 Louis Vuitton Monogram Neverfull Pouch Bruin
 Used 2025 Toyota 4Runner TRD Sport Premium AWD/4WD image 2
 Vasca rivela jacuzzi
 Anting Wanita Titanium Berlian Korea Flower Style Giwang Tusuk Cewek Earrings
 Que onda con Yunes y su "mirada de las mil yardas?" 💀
──────────────────────────────
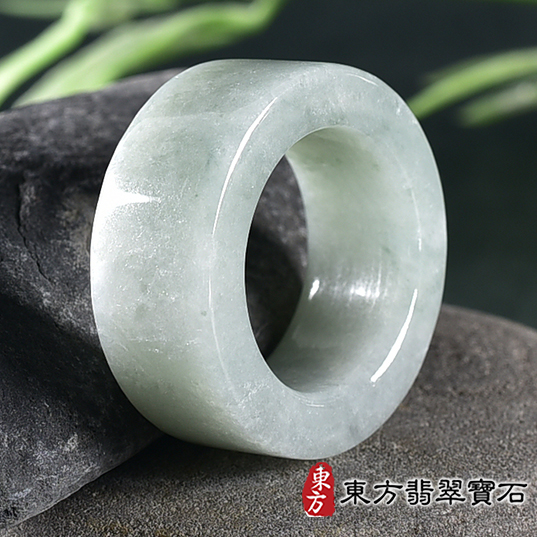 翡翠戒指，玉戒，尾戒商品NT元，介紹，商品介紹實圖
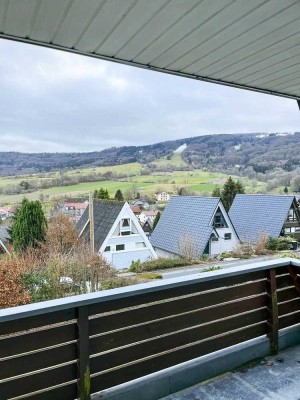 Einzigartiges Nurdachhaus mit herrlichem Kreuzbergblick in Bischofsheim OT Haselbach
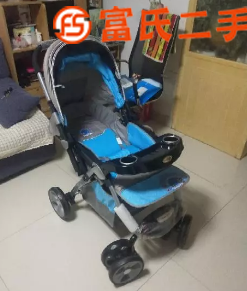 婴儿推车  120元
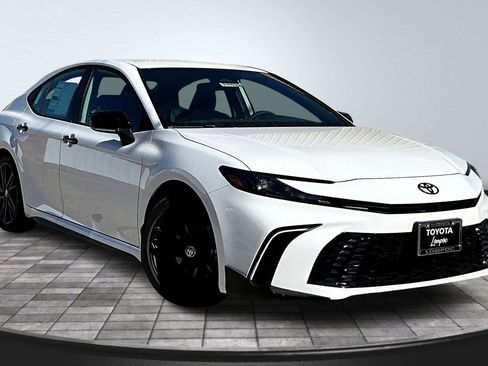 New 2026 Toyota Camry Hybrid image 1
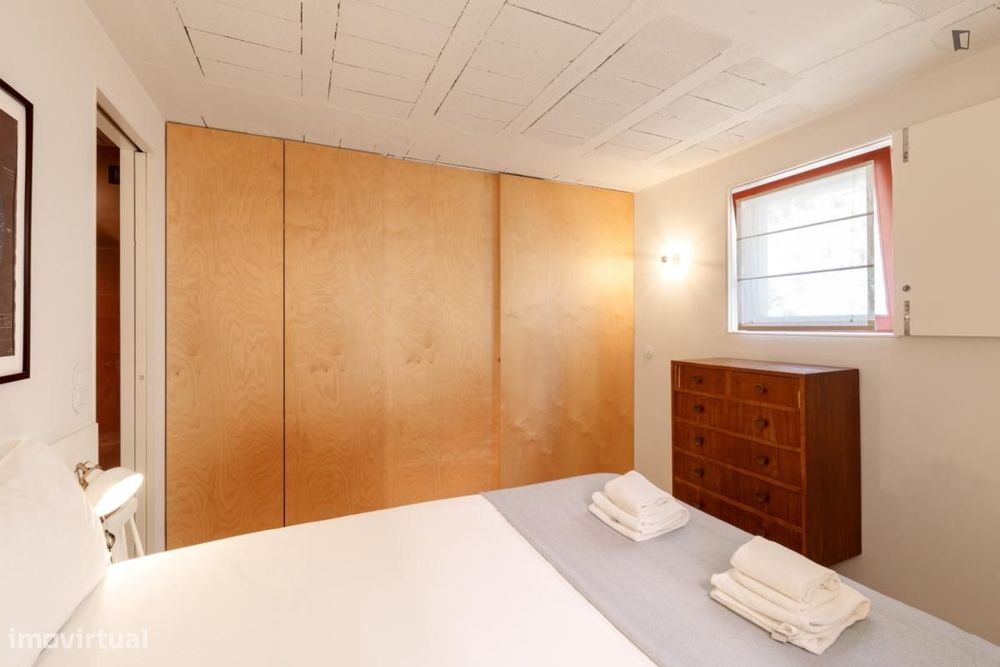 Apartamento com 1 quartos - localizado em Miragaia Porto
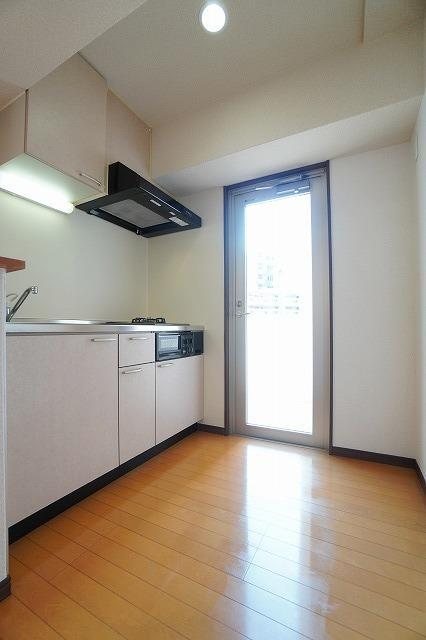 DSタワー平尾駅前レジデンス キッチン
──────────────────────────────
Only the lines above starting at the one containing "Louis Vuitton Monogram Neverfull Pouch Bruin" and ending at the one containing "Que onda con", both included, are to be returned, exactly as they read.

## Result of this task
 Louis Vuitton Monogram Neverfull Pouch Bruin
 Used 2025 Toyota 4Runner TRD Sport Premium AWD/4WD image 2
 Vasca rivela jacuzzi
 Anting Wanita Titanium Berlian Korea Flower Style Giwang Tusuk Cewek Earrings
 Que onda con Yunes y su "mirada de las mil yardas?" 💀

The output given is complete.